> _Work required_
Please return exactly the line that contains "PSD watercolor painting" and every line after it, through the last line of the records below, with no pictures.

(Crawled caption data)
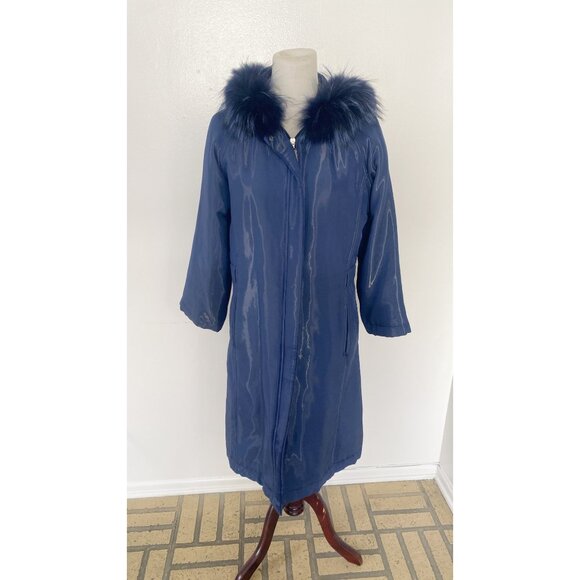 Alberta Ferretti Tech Long Jacket Coat Blue Vintage Y2K - Picture 1 of 12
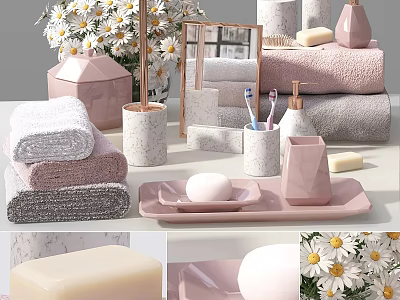 Pink Gray Bathroom Essentials With Soft Towels Soap Toothbrushes Tray Mirror And Daisies 3d model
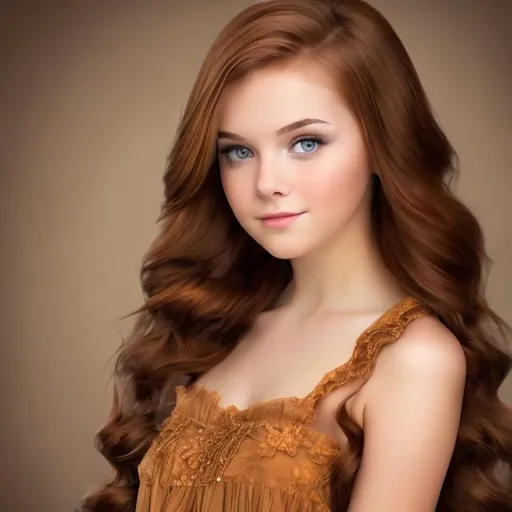 Prompt: beautiful young adult princess portrait honey brown hair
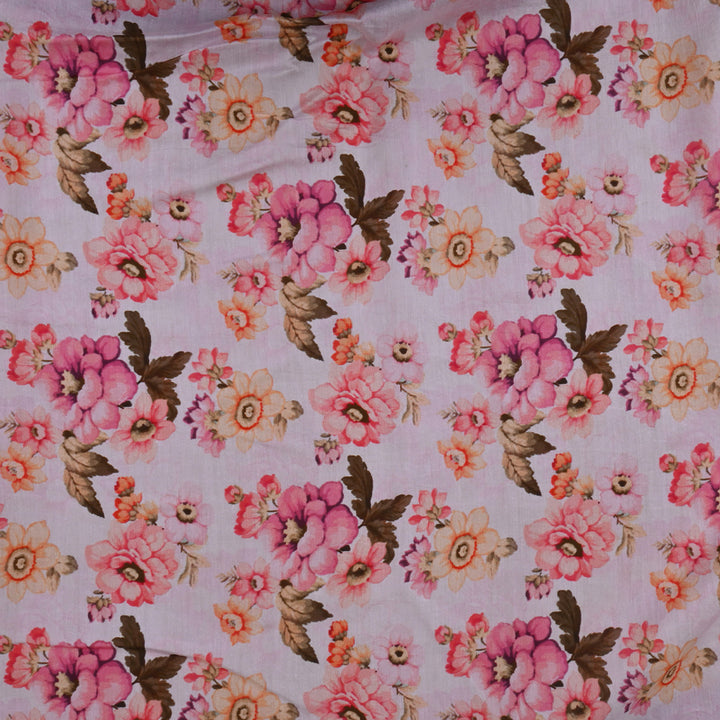 Pinkish White Printed Floral Chanderi Fabric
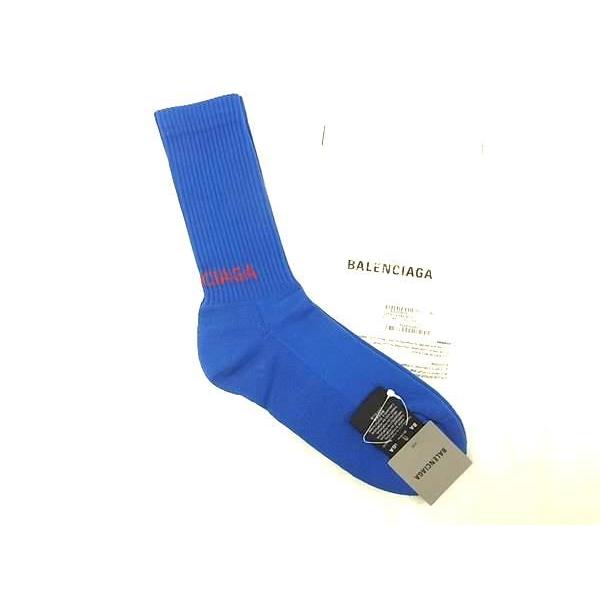 ■新品■未使用■ BALENCIAGA バレンシアガ コットン×ナイロン×ポリウレタン ソックス 靴下 表記サイズ XL ブルー系×レッド系 AU1212 BALENCIAGA（バレンシアガ） □新品□未使用□ コットン×ナイロン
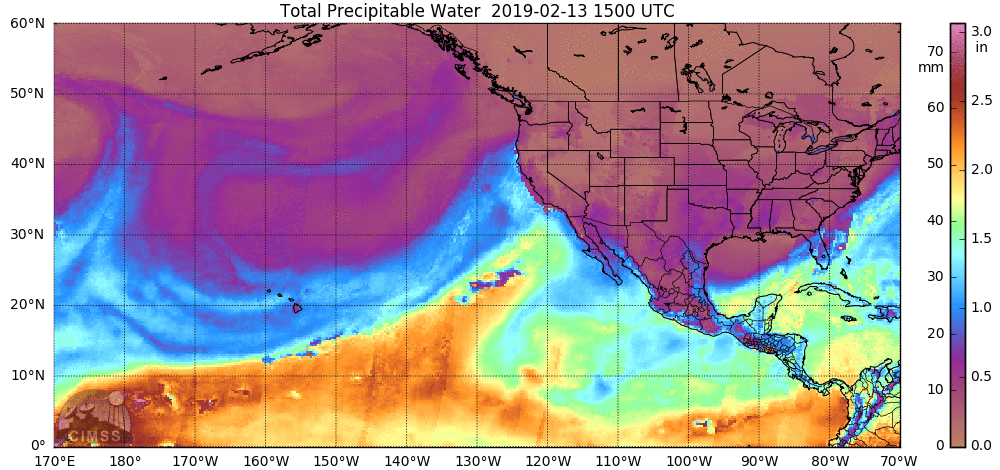 A plume of moisture is flowing into California today and contributing to massive amounts of rain (coastal sections) and snow (inland higher elevations); courtesy CIMMS Wisconsin, NOAA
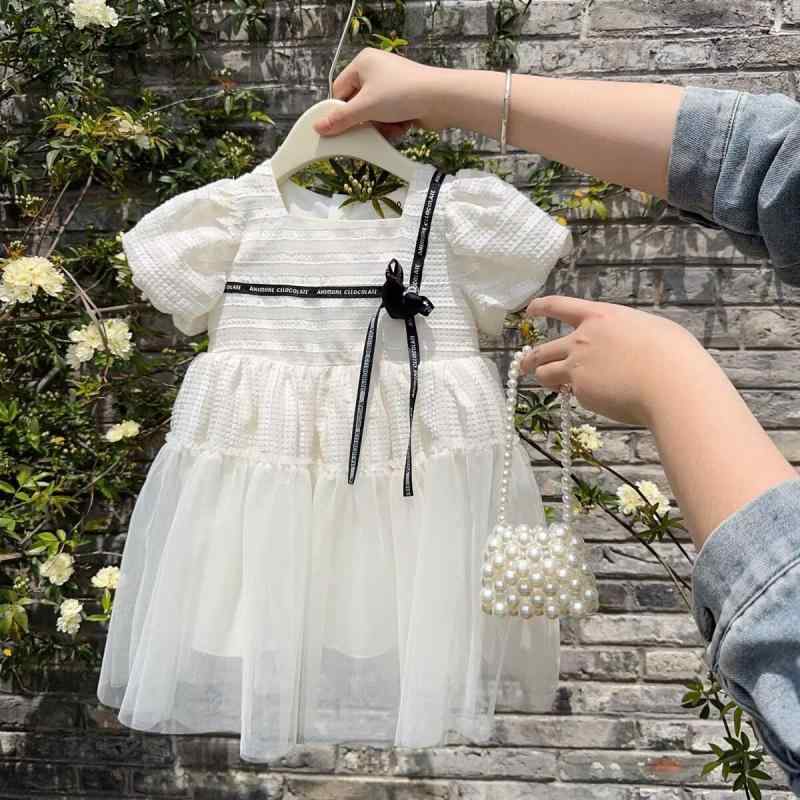 ワンピース 女の子 キッズ ガールズ 春夏 パフスリーブ レース チュール プリンセスドレス かわいい 花柄 シフォン コットン裏地 Aライン SNS映え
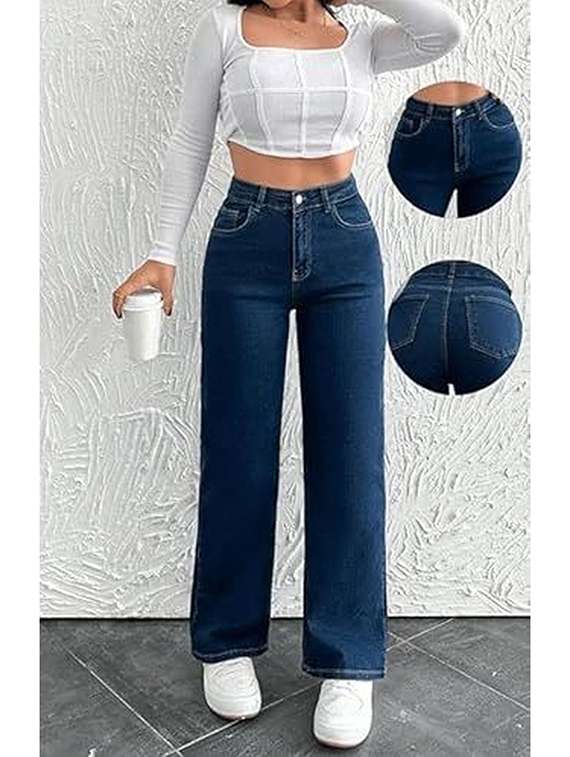 women solid high rise straight jeans - 22376233 -  Standard Image - 2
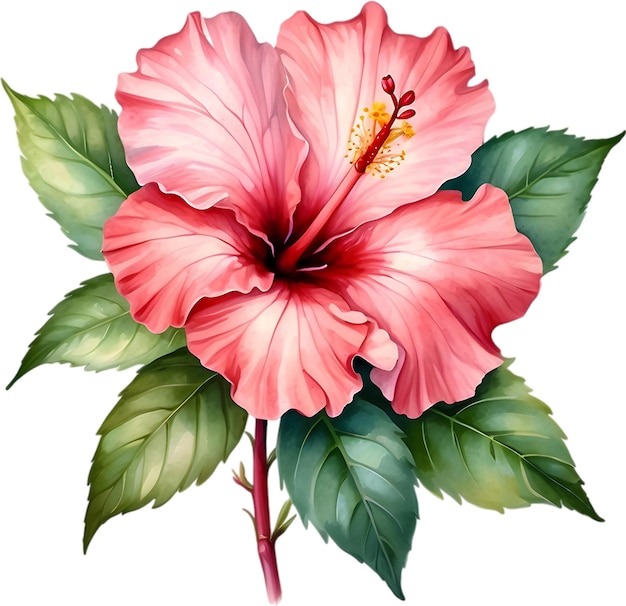 PSD watercolor painting of rose of sharon hibiscus syriacus flower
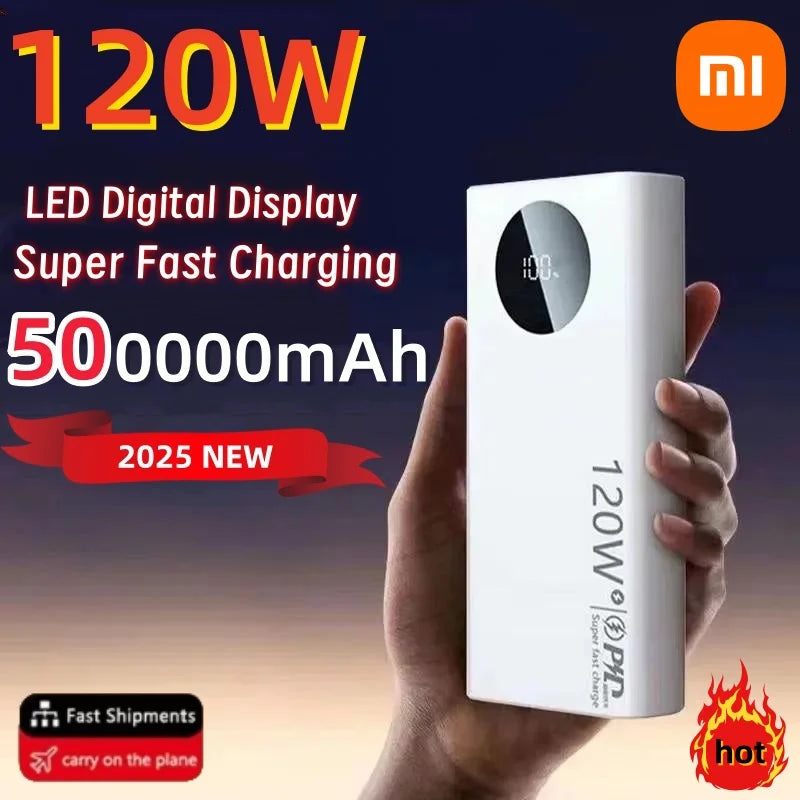 Super Fast Charging Power Bank – 120W 50000mAh Capacity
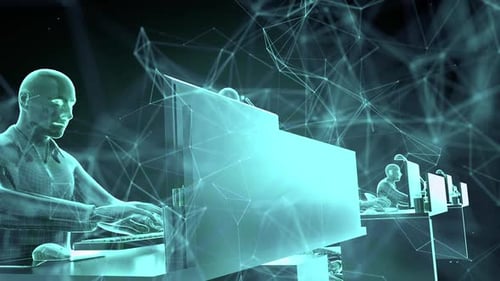 Futuristic Wireframe People Working in Digital Network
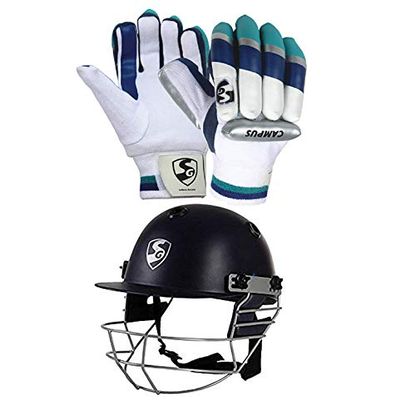 SG Optipro Cricket Helmet Medium Size with SG Campus Batting Gloves Men Size Cricket Kit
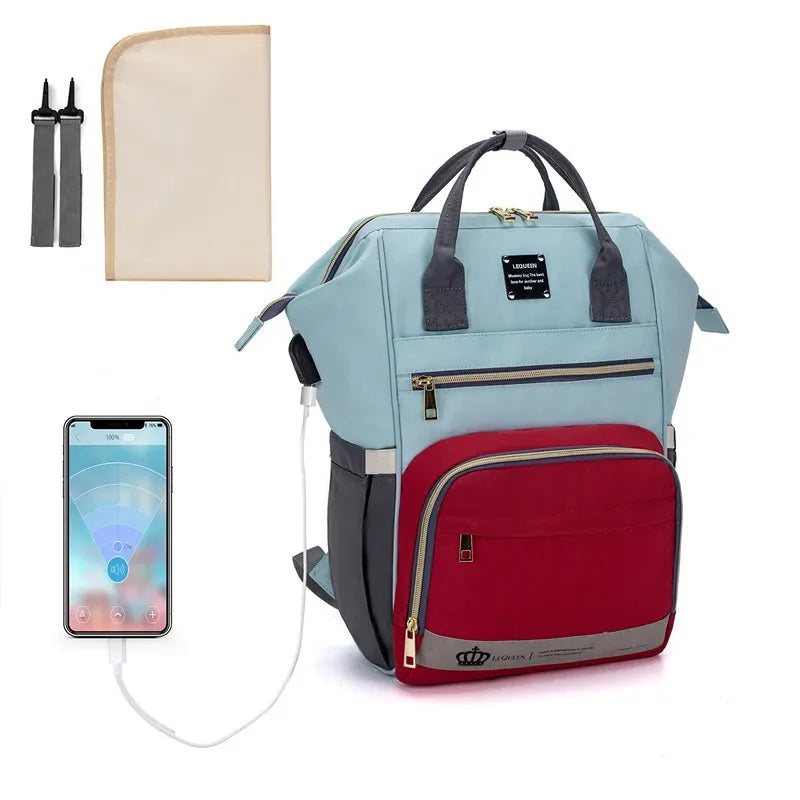Baby Nappy Bag Mummy Bag Backpack Waterproof Storage Handbag Outdoor Travel Mommy Maternity Bag For Baby Stuff Gray Diaper Bags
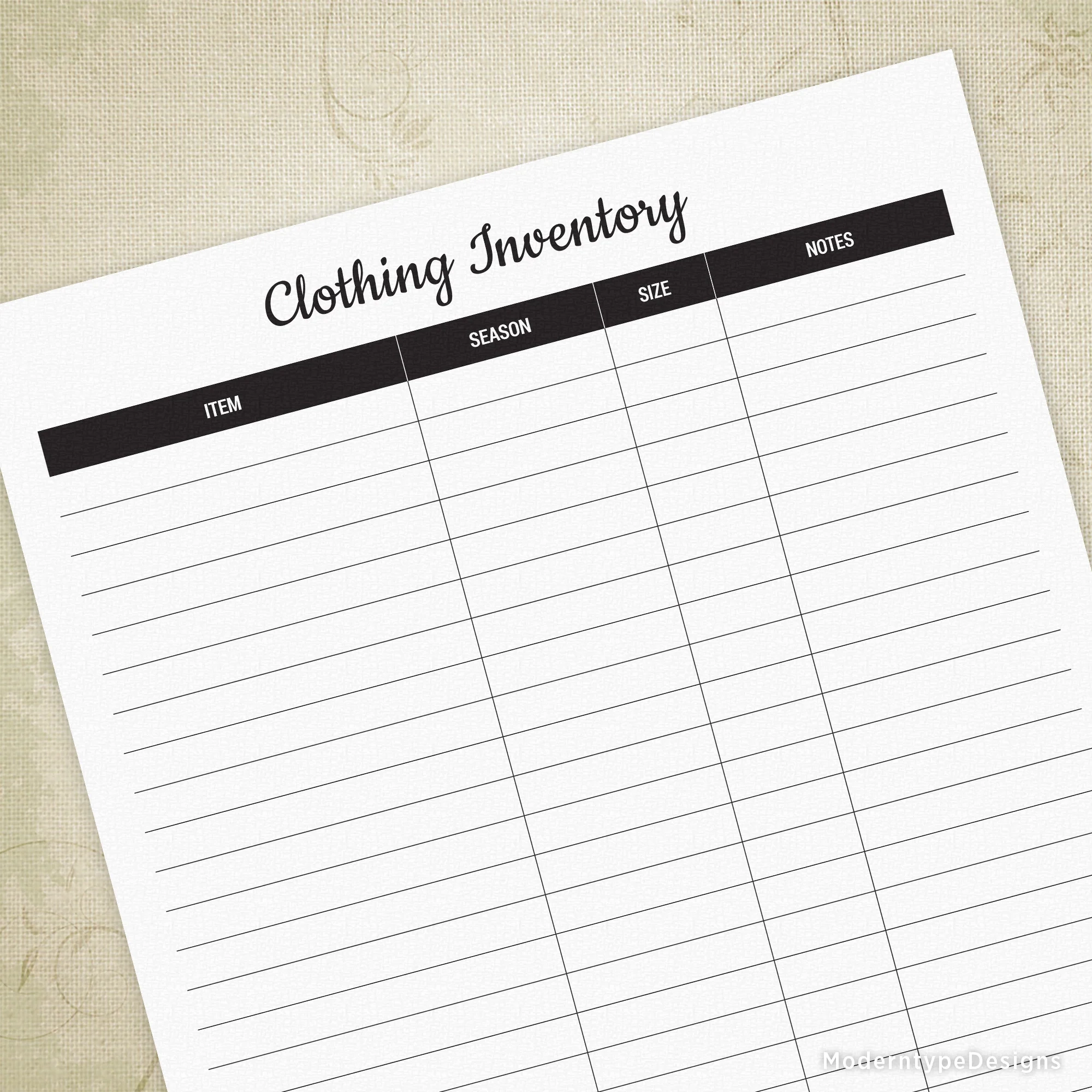 Clothing Inventory Printable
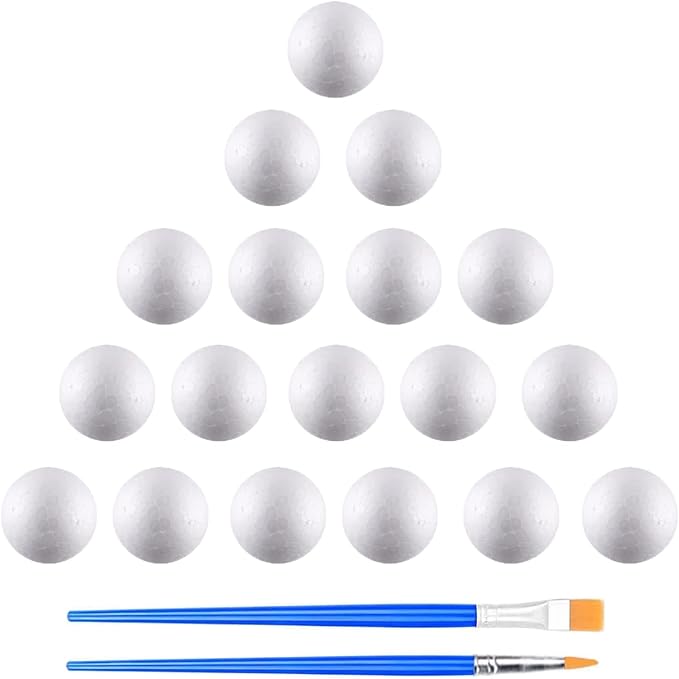 hesmartly 30 Pack Craft Foam Balls, 1.97inch Foam Balls and 2 Pieces Painting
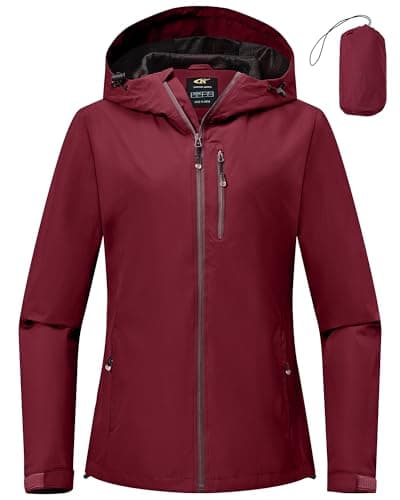 Tyhengta Women Waterproof Jackets Lightweight Windproof Packable Rain Jacket Raincoat Outdoor Softshell Jacket with Zip Pockets Jujube Red,S — view 2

> _Output_
 PSD watercolor painting of rose of sharon hibiscus syriacus flower
 Super Fast Charging Power Bank – 120W 50000mAh Capacity
 Futuristic Wireframe People Working in Digital Network
 SG Optipro Cricket Helmet Medium Size with SG Campus Batting Gloves Men Size Cricket Kit
Baby Nappy Bag Mummy Bag Backpack Waterproof Storage Handbag Outdoor Travel Mommy Maternity Bag For Baby Stuff Gray Diaper Bags
 Clothing Inventory Printable
 hesmartly 30 Pack Craft Foam Balls, 1.97inch Foam Balls and 2 Pieces Painting
 Tyhengta Women Waterproof Jackets Lightweight Windproof Packable Rain Jacket Raincoat Outdoor Softshell Jacket with Zip Pockets Jujube Red,S — view 2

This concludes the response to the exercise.